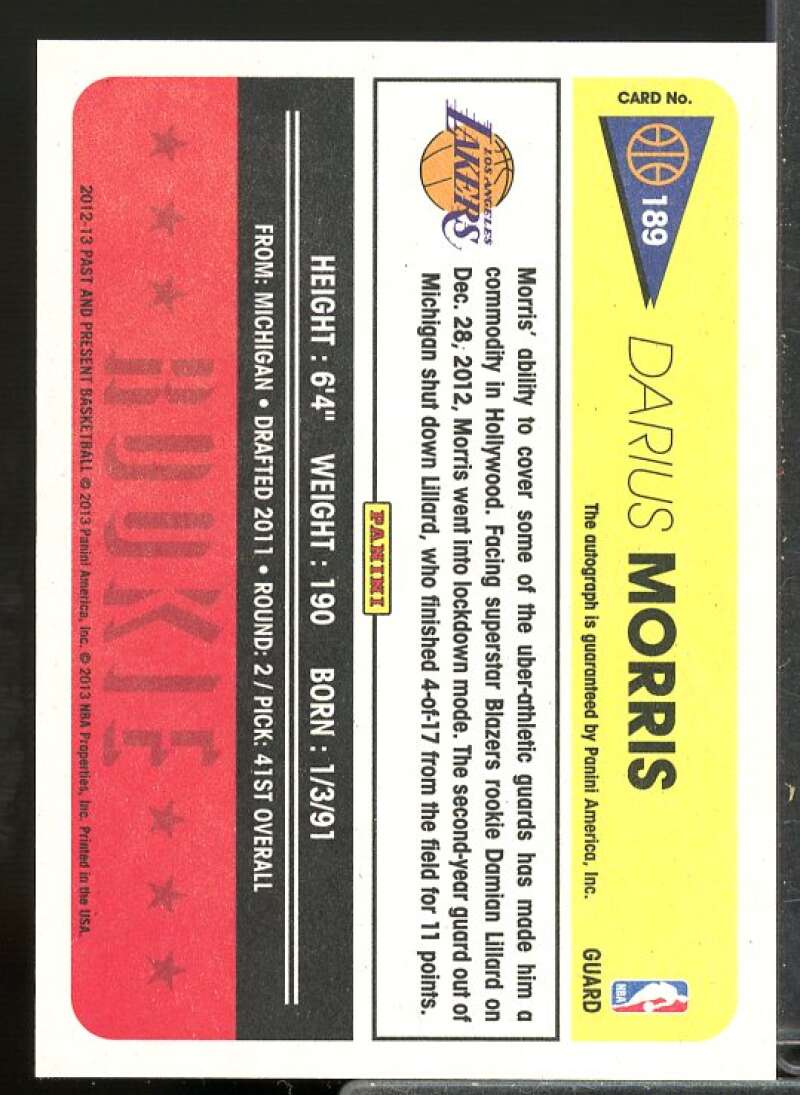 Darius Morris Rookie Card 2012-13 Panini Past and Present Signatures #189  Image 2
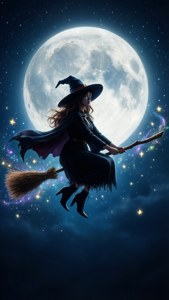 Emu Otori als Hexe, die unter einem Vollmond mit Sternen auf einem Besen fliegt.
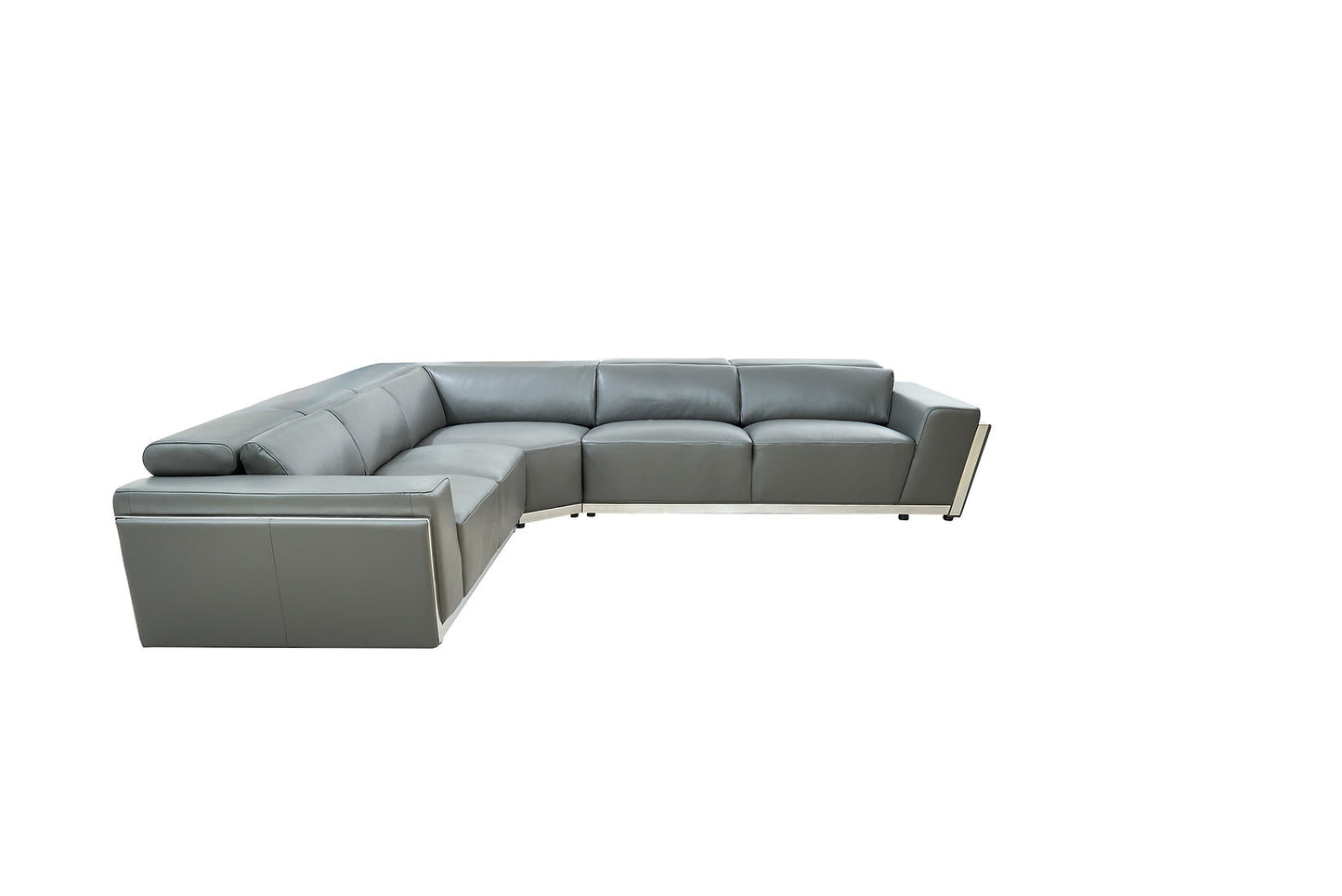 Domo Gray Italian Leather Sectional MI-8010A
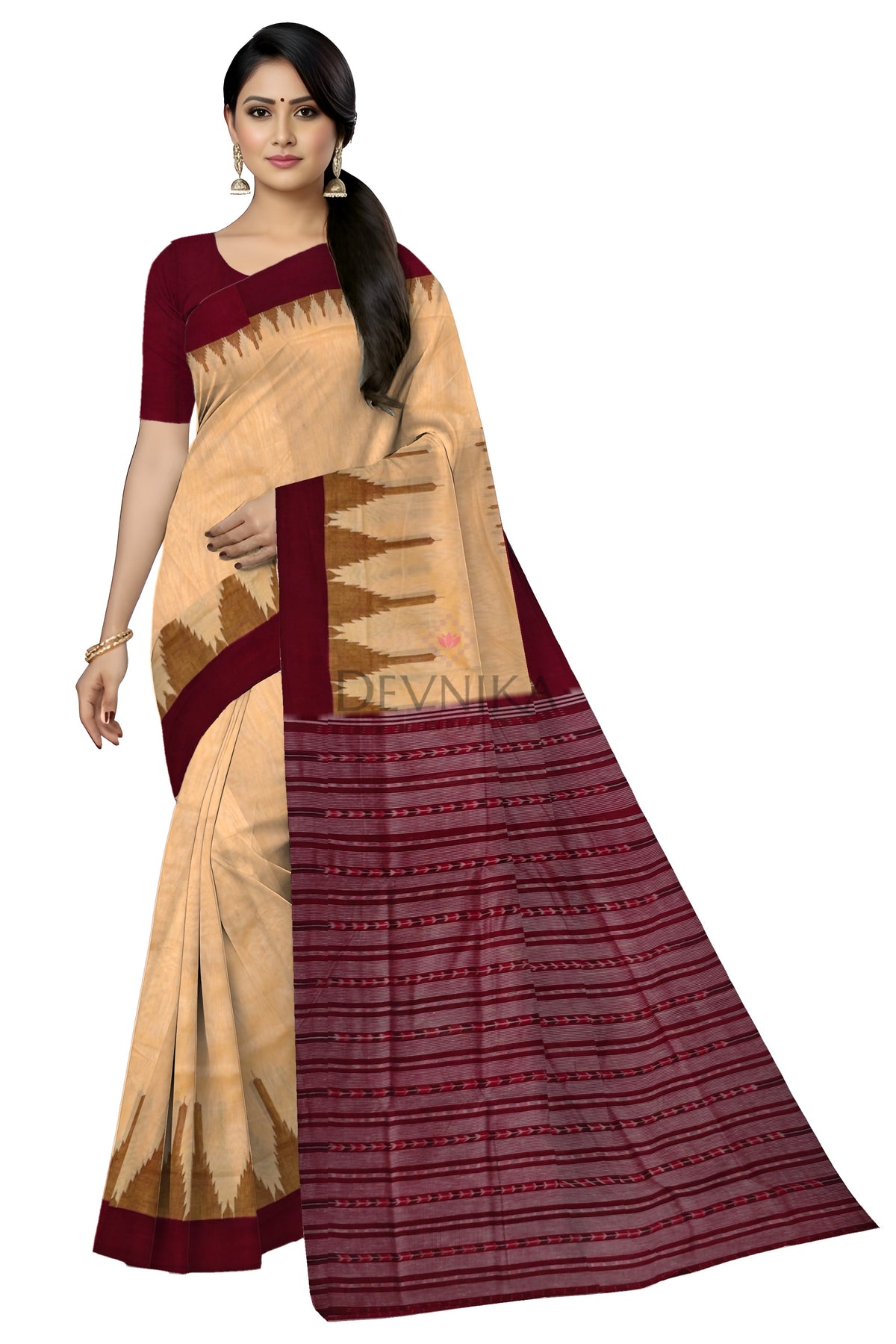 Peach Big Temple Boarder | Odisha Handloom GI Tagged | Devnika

•••

What is needed >> The copy must begin with the line containing "Emu Otori als", end with the last line of the material, match each line exactly, and hold no pictures.

Solved exercise >>
 Emu Otori als Hexe, die unter einem Vollmond mit Sternen auf einem Besen fliegt.
 Domo Gray Italian Leather Sectional MI-8010A
 Peach Big Temple Boarder | Odisha Handloom GI Tagged | Devnika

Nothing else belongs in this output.